■ WHAT YOU SHOULD DO ■
Make an exact copy of every entry, leaving the pictures out.

** Opening RECORDS PROVIDED block **

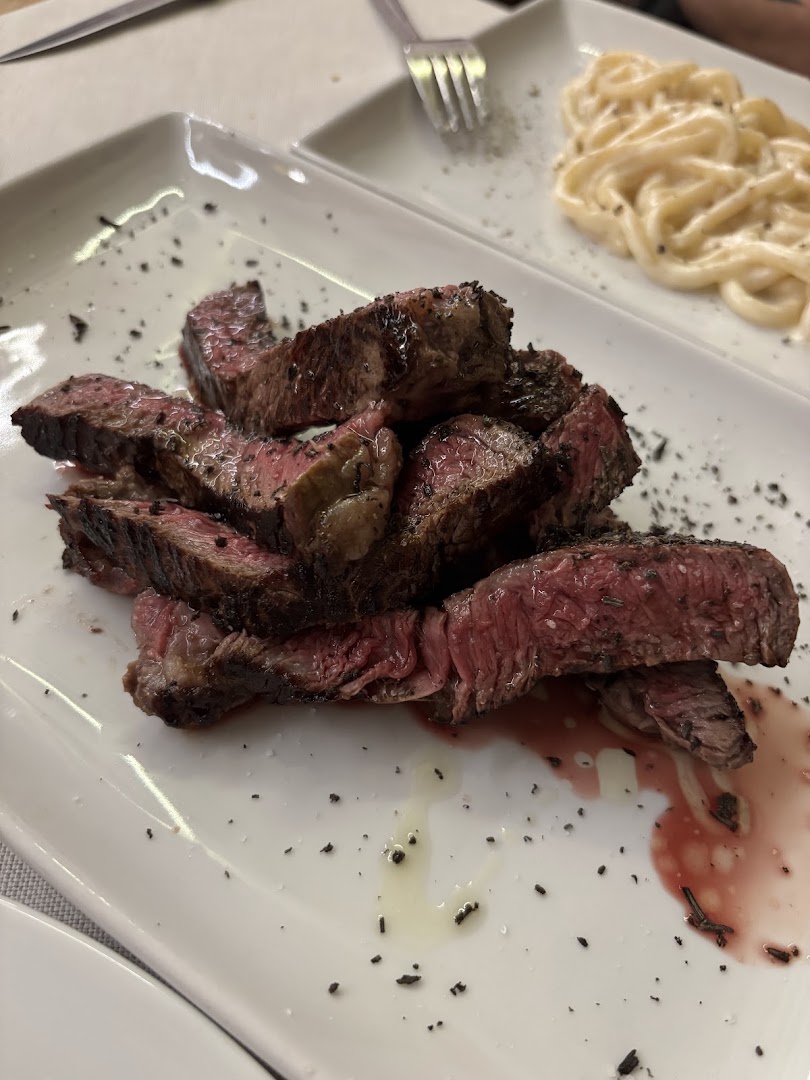 La Piccola Enoteca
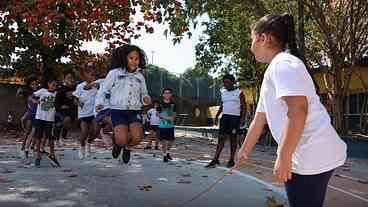 Estudantes do Rio Melhoram Notas Sem Celulares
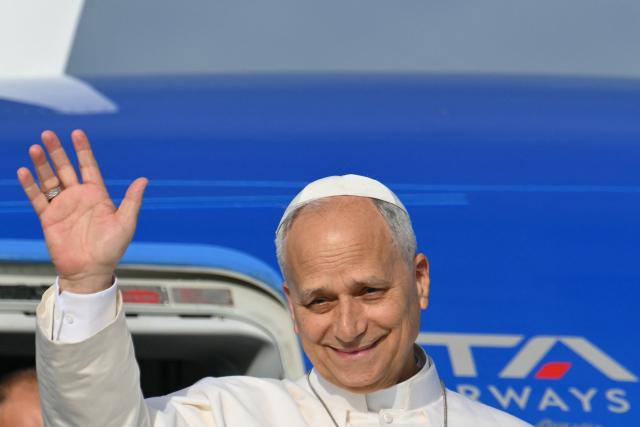 Pope Leo XIV salutes as he prepares to board his plane heading to Madrid at Rome's Fiumicino airport, on June 6, 2026. Pope Leo XIV is visiting Spain June 6-12 with stops in Madrid, Barcelona, and the Canary Islands, where he will meet with migrants and organisations dedicated to helping them. (Photo by Alberto PIZZOLI / AFP)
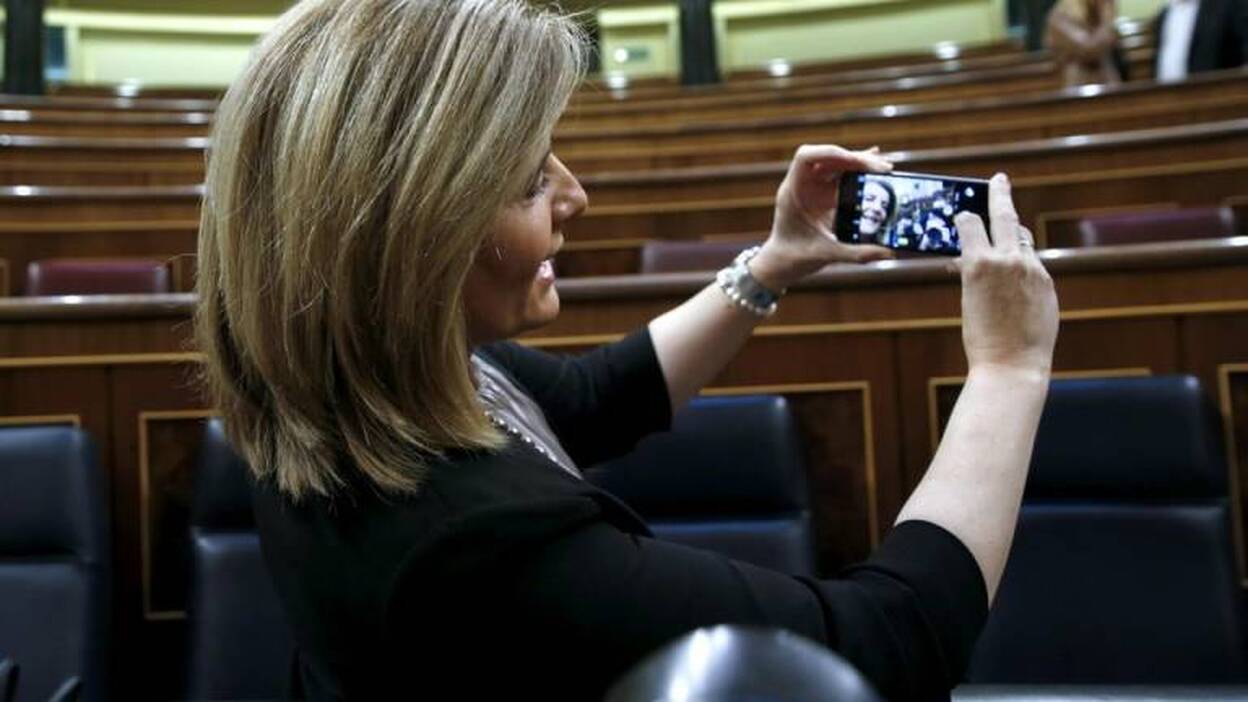 Los diputados se divierten en el último pleno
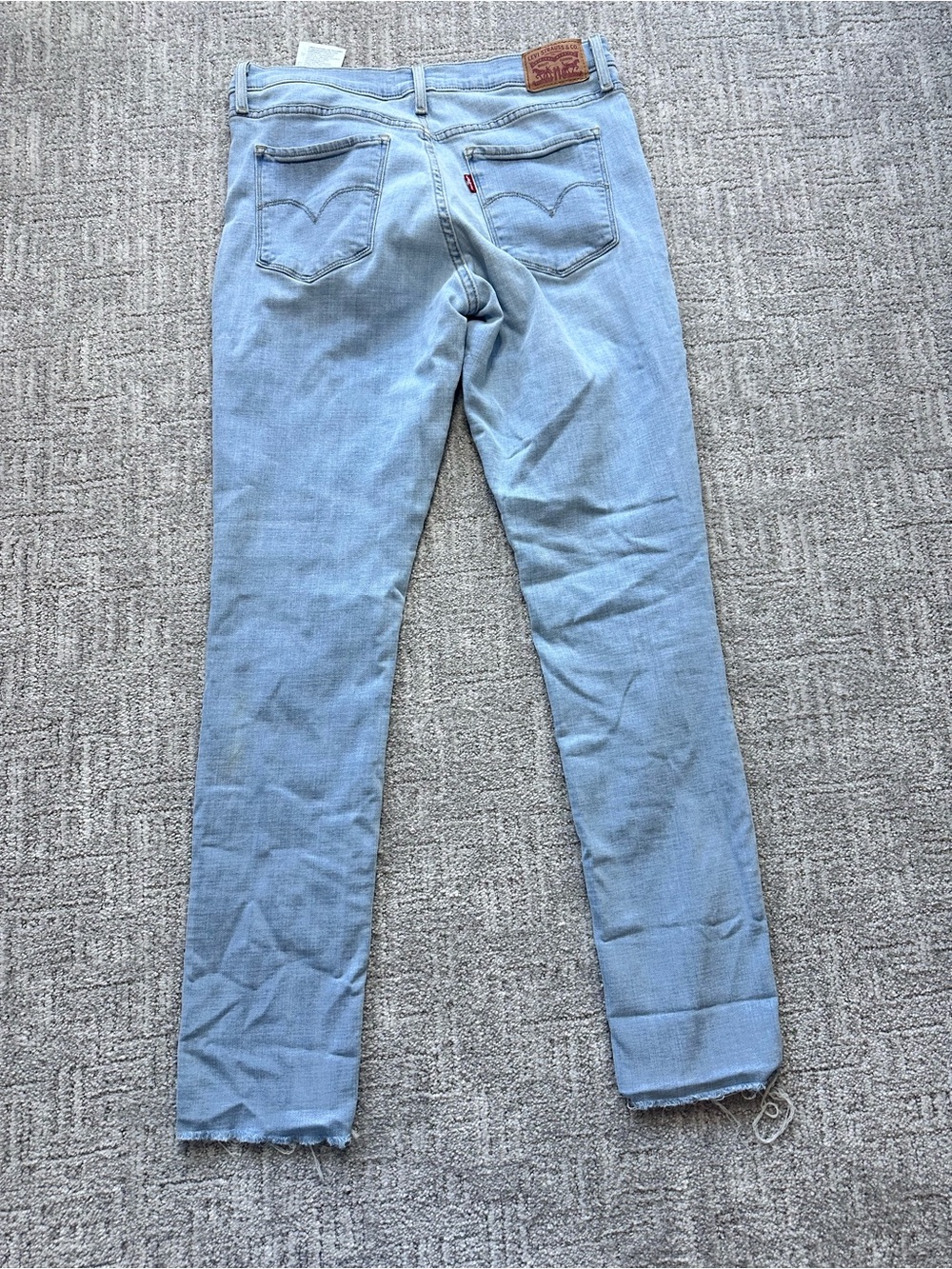 Levi’s 311 Shaping Skinny High Rise Jeans Light Wash Frayed Hem Size 30 - Picture 16 of 16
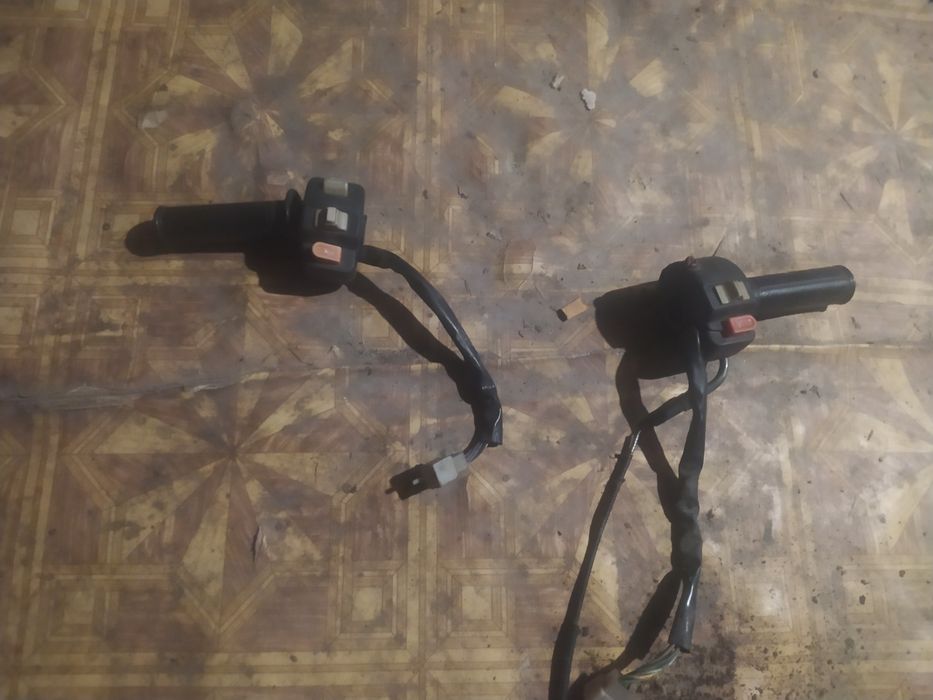 Гріпси і пульти скутер вайпер шторм 50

** Closing RECORDS PROVIDED block **

■ PROBLEM SOLUTION ■
 La Piccola Enoteca
 Estudantes do Rio Melhoram Notas Sem Celulares
 Pope Leo XIV salutes as he prepares to board his plane heading to Madrid at Rome's Fiumicino airport, on June 6, 2026. Pope Leo XIV is visiting Spain June 6-12 with stops in Madrid, Barcelona, and the Canary Islands, where he will meet with migrants and organisations dedicated to helping them. (Photo by Alberto PIZZOLI / AFP)
 Los diputados se divierten en el último pleno
 Levi’s 311 Shaping Skinny High Rise Jeans Light Wash Frayed Hem Size 30 - Picture 16 of 16
 Гріпси і пульти скутер вайпер шторм 50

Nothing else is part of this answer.